(Short descriptive text snippets)
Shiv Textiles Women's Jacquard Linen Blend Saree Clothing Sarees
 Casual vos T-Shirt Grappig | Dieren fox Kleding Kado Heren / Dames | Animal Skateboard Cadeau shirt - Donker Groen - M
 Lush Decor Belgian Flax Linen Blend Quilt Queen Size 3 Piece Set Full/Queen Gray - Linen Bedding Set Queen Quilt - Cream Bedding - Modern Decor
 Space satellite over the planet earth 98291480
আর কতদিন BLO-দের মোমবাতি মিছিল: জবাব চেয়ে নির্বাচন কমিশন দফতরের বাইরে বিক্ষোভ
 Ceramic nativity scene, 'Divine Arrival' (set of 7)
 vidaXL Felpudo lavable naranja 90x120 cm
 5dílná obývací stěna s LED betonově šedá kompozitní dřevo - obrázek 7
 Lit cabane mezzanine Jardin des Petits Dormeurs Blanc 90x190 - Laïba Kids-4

_Your instructions_:
Extract, exactly, the lines above that begin at the line containing "vidaXL Felpudo lavable naranja 90x120 cm" and end at the final line of the records; add no other text.

_Expected answer_:
 vidaXL Felpudo lavable naranja 90x120 cm
 5dílná obývací stěna s LED betonově šedá kompozitní dřevo - obrázek 7
 Lit cabane mezzanine Jardin des Petits Dormeurs Blanc 90x190 - Laïba Kids-4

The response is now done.